Transcribe the records exactly from the line with "Manufacture — Terrorvision" to the end, both included.

[Brief descriptive captions]
= Beginning of Section =
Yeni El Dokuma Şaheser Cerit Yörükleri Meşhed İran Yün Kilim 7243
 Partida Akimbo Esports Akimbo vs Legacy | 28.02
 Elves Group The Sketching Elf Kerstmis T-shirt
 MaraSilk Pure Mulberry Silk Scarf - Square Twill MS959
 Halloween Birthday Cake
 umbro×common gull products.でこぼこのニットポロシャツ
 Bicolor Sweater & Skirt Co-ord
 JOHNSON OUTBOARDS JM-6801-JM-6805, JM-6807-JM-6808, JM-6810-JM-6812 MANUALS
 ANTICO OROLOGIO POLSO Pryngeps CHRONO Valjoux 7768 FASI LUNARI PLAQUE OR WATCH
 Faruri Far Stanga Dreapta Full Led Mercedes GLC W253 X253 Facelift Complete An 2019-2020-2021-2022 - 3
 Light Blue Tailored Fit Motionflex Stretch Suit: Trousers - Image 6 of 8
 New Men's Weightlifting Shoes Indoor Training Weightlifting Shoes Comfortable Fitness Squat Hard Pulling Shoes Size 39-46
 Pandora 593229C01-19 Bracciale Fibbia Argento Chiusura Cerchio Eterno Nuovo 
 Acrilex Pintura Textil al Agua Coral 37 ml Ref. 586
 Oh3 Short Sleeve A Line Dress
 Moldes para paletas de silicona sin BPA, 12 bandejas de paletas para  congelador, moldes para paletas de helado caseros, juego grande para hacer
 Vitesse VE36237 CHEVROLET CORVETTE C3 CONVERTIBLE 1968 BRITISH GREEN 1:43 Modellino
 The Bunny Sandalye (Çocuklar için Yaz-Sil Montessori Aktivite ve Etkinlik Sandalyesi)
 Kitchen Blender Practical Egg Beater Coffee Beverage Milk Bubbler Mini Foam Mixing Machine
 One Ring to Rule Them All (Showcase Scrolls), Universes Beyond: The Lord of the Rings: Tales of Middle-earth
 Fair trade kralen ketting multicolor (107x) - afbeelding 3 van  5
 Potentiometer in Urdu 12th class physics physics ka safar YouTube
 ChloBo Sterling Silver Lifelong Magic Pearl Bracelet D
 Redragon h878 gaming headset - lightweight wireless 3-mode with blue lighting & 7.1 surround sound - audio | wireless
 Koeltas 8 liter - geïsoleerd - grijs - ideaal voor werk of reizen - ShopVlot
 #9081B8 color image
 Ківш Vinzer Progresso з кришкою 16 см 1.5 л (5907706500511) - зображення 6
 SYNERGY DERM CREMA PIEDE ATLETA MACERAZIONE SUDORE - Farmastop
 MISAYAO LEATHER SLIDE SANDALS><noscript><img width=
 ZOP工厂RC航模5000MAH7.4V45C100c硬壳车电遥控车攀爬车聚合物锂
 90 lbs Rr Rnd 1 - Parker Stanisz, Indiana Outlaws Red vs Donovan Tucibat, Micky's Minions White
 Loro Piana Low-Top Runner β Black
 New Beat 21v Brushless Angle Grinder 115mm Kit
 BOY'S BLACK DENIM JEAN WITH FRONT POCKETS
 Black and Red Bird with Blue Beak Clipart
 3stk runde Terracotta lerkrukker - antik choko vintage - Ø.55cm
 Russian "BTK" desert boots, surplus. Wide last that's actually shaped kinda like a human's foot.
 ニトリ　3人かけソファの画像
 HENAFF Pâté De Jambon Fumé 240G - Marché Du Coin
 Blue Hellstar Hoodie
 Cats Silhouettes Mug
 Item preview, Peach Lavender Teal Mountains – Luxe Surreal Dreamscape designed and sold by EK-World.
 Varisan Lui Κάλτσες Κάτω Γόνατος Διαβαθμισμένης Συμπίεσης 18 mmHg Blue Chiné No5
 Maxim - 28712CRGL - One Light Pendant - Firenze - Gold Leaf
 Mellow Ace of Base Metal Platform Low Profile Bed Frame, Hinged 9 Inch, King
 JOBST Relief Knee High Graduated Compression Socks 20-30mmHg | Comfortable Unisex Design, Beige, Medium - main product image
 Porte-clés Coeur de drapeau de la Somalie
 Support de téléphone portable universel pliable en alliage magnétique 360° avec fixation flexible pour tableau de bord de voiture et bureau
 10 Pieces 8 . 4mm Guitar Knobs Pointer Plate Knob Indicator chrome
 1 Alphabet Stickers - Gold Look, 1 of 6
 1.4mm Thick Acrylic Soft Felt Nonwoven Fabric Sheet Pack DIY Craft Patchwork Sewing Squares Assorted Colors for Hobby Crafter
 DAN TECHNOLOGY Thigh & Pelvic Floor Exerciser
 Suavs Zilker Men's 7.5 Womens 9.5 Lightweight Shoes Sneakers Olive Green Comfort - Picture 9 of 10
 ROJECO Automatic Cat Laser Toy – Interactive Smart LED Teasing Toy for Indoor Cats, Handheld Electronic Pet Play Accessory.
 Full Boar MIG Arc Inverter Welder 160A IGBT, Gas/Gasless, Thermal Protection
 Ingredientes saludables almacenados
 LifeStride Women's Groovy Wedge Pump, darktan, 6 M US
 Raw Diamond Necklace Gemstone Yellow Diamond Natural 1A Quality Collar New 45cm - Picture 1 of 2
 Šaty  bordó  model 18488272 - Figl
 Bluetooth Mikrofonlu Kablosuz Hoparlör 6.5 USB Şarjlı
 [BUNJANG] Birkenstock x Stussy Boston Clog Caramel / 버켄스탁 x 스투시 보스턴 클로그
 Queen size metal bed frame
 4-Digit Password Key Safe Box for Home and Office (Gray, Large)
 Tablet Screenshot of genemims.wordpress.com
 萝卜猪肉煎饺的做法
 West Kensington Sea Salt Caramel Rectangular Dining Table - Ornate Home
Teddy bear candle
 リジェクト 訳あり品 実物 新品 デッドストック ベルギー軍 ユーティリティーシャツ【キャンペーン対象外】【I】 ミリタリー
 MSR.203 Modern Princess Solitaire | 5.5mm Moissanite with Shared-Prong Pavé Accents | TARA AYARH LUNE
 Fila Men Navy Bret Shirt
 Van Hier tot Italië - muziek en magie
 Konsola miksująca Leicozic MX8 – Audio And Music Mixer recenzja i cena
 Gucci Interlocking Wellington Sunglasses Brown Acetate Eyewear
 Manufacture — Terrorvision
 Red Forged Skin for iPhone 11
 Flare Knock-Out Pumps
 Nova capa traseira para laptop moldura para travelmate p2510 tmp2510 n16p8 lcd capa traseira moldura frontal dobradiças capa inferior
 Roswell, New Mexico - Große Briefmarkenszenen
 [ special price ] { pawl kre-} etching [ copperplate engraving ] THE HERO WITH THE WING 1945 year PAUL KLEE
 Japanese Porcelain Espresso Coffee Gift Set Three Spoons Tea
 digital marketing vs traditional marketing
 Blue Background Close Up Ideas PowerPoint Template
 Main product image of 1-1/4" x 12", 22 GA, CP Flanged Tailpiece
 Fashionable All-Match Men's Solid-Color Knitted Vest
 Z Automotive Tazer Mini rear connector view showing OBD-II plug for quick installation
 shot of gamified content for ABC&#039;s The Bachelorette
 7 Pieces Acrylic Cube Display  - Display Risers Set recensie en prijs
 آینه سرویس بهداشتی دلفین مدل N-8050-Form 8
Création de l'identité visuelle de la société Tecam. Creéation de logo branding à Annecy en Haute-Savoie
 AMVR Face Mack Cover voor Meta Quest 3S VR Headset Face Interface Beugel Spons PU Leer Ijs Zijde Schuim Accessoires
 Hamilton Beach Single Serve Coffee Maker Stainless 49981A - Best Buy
= End of Section =
→ **Completed exercise**:
 Manufacture — Terrorvision
 Red Forged Skin for iPhone 11
 Flare Knock-Out Pumps
 Nova capa traseira para laptop moldura para travelmate p2510 tmp2510 n16p8 lcd capa traseira moldura frontal dobradiças capa inferior
 Roswell, New Mexico - Große Briefmarkenszenen
 [ special price ] { pawl kre-} etching [ copperplate engraving ] THE HERO WITH THE WING 1945 year PAUL KLEE
 Japanese Porcelain Espresso Coffee Gift Set Three Spoons Tea
 digital marketing vs traditional marketing
 Blue Background Close Up Ideas PowerPoint Template
 Main product image of 1-1/4" x 12", 22 GA, CP Flanged Tailpiece
 Fashionable All-Match Men's Solid-Color Knitted Vest
 Z Automotive Tazer Mini rear connector view showing OBD-II plug for quick installation
 shot of gamified content for ABC&#039;s The Bachelorette
 7 Pieces Acrylic Cube Display  - Display Risers Set recensie en prijs
 آینه سرویس بهداشتی دلفین مدل N-8050-Form 8
Création de l'identité visuelle de la société Tecam. Creéation de logo branding à Annecy en Haute-Savoie
 AMVR Face Mack Cover voor Meta Quest 3S VR Headset Face Interface Beugel Spons PU Leer Ijs Zijde Schuim Accessoires
 Hamilton Beach Single Serve Coffee Maker Stainless 49981A - Best Buy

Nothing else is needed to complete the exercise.